SEC. 819. FOREIGN LIFE INSURANCE COMPANIES.

(a) CARRYING ON UNITED STATES INSURANCE BUSINESS.-A foreign life insurance company carrying on a life insurance business within the United States, if with respect to its United States business it would qualify as a life insurance company under section 801, shall be taxable on the United States business of such company in the same manner as a domestic life insurance company.

(b) ADJUSTMENT WHERE SURPLUS HELD IN UNITED STATES IS LESS THAN SPECIFIED MINIMUM.

(1) IN GENERAL. In the case of any company described in subsection (a), if the minimum figure determined under paragraph (2) exceeds the surplus held in the United States, then

(A) the amount of the policy and other contract liability requirements (determined under section 805 without regard to this subsection), and

(B) the amount of the required interest (determined under section 809 (a) (2) without regard to this subsection),

shall each be reduced by an amount determined by multiplying such excess by the current earnings rate (as defined in section 805 (b) (2)).

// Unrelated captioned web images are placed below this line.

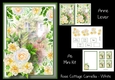 Rose Cottage Camellia - White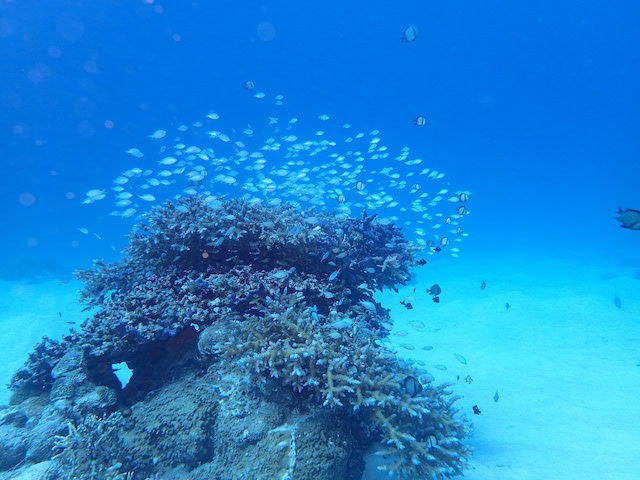 慶良間FUNダイビングで締めくくり！🐠【R-MATES Okinawa Diving Club】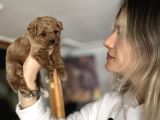 Toy Poodle Yavru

(2) DEFINITIONS.-For purposes of paragraph (1)—

(A) The minimum figure is the amount determined by multiplying the taxpayer's total insurance liabilities on United States business by

(i) in the case of a taxable year beginning before January 1, 1959, 9 percent, and

(ii) in the case of a taxable year beginning after December 31, 1958, a percentage for such year to be determined and proclaimed by the Secretary or his delegate.

The percentage determined and proclaimed by the Secretary or his delegate under clause (ii) shall be based on such data with respect to domestic life insurance companies for the preceding taxable year as the Secretary or his delegate considers representative. Such percentage shall be computed on the basis of a ratio the numerator of which is the excess of the assets over the total insurance liabilities, and the denominator of which is the total insurance liabilities.

(B) The surplus held in the United States is the excess of the assets held in the United States over the total insurance liabilities on United States business.

For purposes of this paragraph and subsection (c), the term "total insurance liabilities" means the sum of the total reserves (as defined in section 801 (c)) plus (to the extent not included in total reserves) the items referred to in paragraphs (3), (4), and (5) of section 810 (c).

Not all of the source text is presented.